Gold ETFs are a product that is relevant to a wide spectrum of investors:
- Gold ETFs are a solid investment for investors with an equity-heavy portfolio looking to balance the risk with a stable, low-risk, cost-effective, gold-based asset.
- Gold ETFs are also a great investment for those looking to invest in gold without having to bear the costs of making and storage charges, as well as the other additional hassles of transacting in physical gold.
- Investors who want to get started with a small investment amount or those who are just starting their investment journey will also find gold ETFs helpful.
- Senior citizens looking to park their wealth in a relatively less risky asset can also look at diversifying into Gold ETFs.

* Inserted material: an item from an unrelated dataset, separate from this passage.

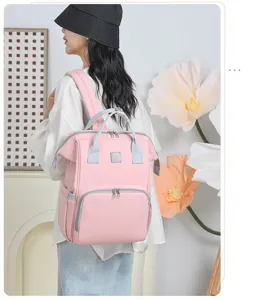 Stylish pink diaper backpack with large capacity for mother and baby travel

How to Invest in Gold ETFs?
The first step is to open a Demat account, which allows you to buy and sell a large spectrum of investment assets, including Gold ETFs. Choose the broker of your choice after evaluating all the applicable fees and charges. You will need to furnish some basic KYC documents such as Aadhaar Card and PAN for opening your Demat account.

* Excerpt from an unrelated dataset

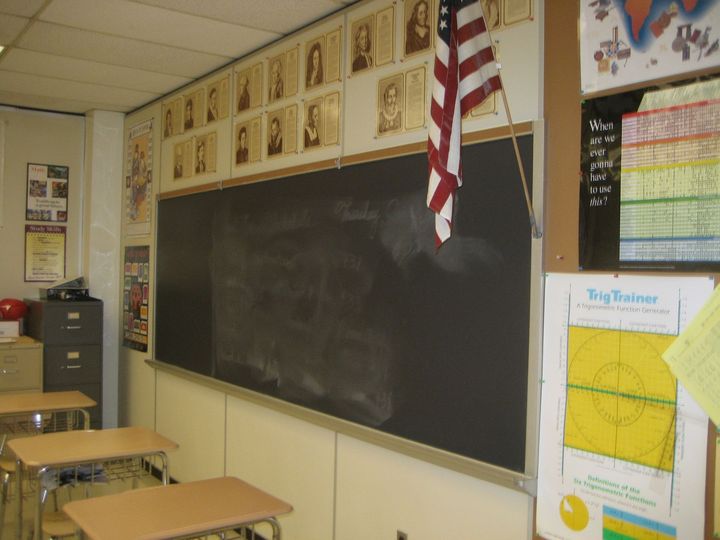 Empty classroom with a large chalkboard, desks, wall posters, and a hanging American flag.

You must do your due diligence before investing in a Gold ETF. Once you have decided which Gold ETF to invest in, you can directly purchase it through your Demat account. A percentage will go towards brokerage charges. You will get an email confirmation and be able to track the performance of your Gold ETF in real time.
Tips on Investing in a Gold ETF
- Do not invest over 20% of your portfolio in Gold ETFs. This asset is about diversification, not long-term wealth creation.
- You should ideally have a well-planned overall investment strategy before you start investing in Gold ETFs.
Historical data suggests equity markets are always susceptible to external events and can be volatile. With increasing financial awareness, investors are considering investing in gold to balance their higher-risk portfolios with an evergreen asset class such as gold. However, instead of limiting one’s options to investing in physical gold, which can be a cumbersome process and also much more expensive, one can consider investing in Gold ETFs. Accompanied by benefits such as ease of transaction, cost-effectiveness, low risk, higher liquidity, and ease of access, Gold ETFs are emerging as a preferred investment instrument for a wide spectrum of investors. When choosing to invest in the top gold ETFs in India, ensure that you do your research and only then make a purchase.
FAQs about Gold ETFs
Are a Demat account and trading account mandatory for investing in Gold ETFs?
Since Gold ETFs are traded just like shares on the stock exchange, it is mandatory to open a Demat account to facilitate the purchase and sale of Gold ETFs. With technological advances, this is a straightforward process and can even be completed via a smartphone.
What is the purity associated with each unit of Gold ETF?
The Securities and Exchange Board of India (SEBI), the main regulatory body for securities and commodity markets in India, requires that Gold ETF represents 99.5% of purity.
Are gold ETFs actively managed funds?
Gold ETFs are passively managed investment instruments whose prices depend on the real-time prices of gold. This is the reason the expense ratio of most Gold ETFs is low.
What are the benefits of gold ETFs over physical gold?
Gold ETFs bring several benefits to the investment table. The purity of gold is at least 99.5% and is regulated by SEBI, the main regulator for securities and commodity markets in India. One can buy and sell Gold ETFs in real-time, unlike physical gold, which comes with several other requirements. Gold ETFs are listed and traded on the stock exchange; hence, their prices are easily visible, bringing transparency to the transactions. Tax efficiency is another benefit of Gold ETFs, unlike physical gold, you need not pay any additional taxes such as CESS, GST.
Is ETF a mutual fund?
Gold ETF is an exchange-traded fund. Though it is a type of fund, it is traded more like a stock and can be purchased and sold on the stock exchange, unlike regular mutual funds. Gold ETFs are merely one type of ETF. Others are based on commodities such as oil or silver, as well as assets like equity, and bonds, and some are based on currencies.